Musings from the Hill, April 16, 2015
It is said, “March winds and April showers bring forth sweet May flowers.” March winds hopefully have temporarily ceased, instead we received a final gift of much needed April showers. A blessing for farmers and helpful to alleviate dangerous fires destroying grass lands, crops and homes.
Daffy-down-dilly has come to town in her green petticoats and golden crown. Spring truly has arrived, as has my indispensable handy man, Mike Davis, who kindly brought my porch chairs and a bouquet of daffodils from my hilltop abode. Joan Olmstead informed me that spring peepers in her small farm pond are in full voice. Thus spring has proclaimed “Truly I have sprung!”
According to the national weather and atmosphere pundits, last winter was the warmest winter on record. Many in the nation endured the most snow ever recorded. We hope April has settled down and no surprises are in store for us.
My house on the hill is golden with dozens of bright yellow forsythia bushes in full bloom. I started them by bending a branch, loosening the soil a bit and putting a rock on top to hold the branch in place. If kept watered regularly, invariably they will quickly root. I have acquired many different shrubs using this method. I believe forsythia is almost impossible to kill, but various tenants have managed to do this. I am going to try to re-start those ruined along my back fence line.

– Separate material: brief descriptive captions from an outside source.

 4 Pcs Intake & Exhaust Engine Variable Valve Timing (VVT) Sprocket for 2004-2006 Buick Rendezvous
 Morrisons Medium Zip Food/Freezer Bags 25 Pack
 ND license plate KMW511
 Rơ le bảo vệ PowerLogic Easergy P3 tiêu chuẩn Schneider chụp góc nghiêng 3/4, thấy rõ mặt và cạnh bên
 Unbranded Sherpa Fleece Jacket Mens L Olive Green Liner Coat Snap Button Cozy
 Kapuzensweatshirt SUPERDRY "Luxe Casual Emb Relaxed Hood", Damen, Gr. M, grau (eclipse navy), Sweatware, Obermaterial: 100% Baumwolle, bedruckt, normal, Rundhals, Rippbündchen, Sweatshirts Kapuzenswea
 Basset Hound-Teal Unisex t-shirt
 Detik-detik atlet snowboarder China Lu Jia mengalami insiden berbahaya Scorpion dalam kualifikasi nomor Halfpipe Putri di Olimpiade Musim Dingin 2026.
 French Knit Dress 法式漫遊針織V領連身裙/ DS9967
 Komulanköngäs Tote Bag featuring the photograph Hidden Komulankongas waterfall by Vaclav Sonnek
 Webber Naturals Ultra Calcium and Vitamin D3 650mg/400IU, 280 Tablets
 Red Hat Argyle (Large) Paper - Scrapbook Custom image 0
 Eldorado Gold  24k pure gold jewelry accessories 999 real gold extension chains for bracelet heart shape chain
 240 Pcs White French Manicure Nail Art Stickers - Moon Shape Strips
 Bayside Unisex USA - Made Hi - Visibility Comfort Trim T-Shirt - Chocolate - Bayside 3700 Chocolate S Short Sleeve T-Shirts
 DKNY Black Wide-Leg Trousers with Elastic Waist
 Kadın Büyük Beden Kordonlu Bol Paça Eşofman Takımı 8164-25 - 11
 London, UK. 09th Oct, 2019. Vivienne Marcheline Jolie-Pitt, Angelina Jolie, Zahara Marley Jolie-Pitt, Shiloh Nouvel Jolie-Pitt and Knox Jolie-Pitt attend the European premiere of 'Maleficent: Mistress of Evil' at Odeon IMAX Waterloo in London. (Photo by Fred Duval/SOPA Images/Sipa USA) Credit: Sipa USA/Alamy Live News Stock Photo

A dog run caused their demise. A former tenant once made this lot (small as it is) a show place. People often stopped to admire the flowers.
“The year's at the spring;
and day's at the morn;
Morning's at seven;
the hillside's dew-pearled;
the lark's on the wing;
the snail's on the thorn”
— Robert Browning.
What’s wrong with the world? Sunday mornings usually I listen to the Farm Report and world news. A rocky way to begin my day. Many countries are at odds with one another. I suggest we stay out of their problems. We have plenty of our own. Our infrastructure is rapidly falling apart. When a major bridge falls into the Mississippi River it is time to wake up and smell the roses. Our railroads are falling apart and also numerous overpasses. California is facing a severe drought. This will seriously affect crop production. Will we have to plant victory gardens as we did in World War II? According to the experts on climate change, we will have to change our ways of facing life as we have known it. Years ago I remember the smoky skies and soot-filled windows of my aunt’s apartment in Pittsburgh, Pa., when coal dust filled the sky. Streets in London were dark at noon. We will have to employ severe measures to clear the atmosphere of pollutants. The Arctic ice cap is the thinnest ever measured. Controversial “fracking” now enters the picture.
“With purposeful steps I strode, seeking solace on my hill, Alone in my abode. The rapture fills me still. The sky above cerulean blue, the hawks sailed overhead. Around me rang ethereal chimes. The breeze was soft, not dread. Soothed with a gentle hand — nature’s wondrous healing touch! A tonic to a grateful land, To me it matters much! From the hedge row rang “what cheer! Blithely the birds did sing. Her soft step touched lightly here. All around me it was Spring!” jhj
Without computer help from many and thanks to Claudia in the Baldwin Public Library for the spelling of “cerulean” and for Dee from Baker University who comes to my home on her lunch hour to pick up my column, I am able to continue to write. I would really like to know if I am the oldest and also the longest writing columnist in Kansas — or maybe in the USA? Any help in this endeavor would be truly appreciated. The electronic age sometimes makes me feel as if I have suddenly fallen into an unknown world. I can remember running out to see my first airplane. My father bought our first radio, which had two sets of ear phones. There were three children—this caused problems. Enjoy spring.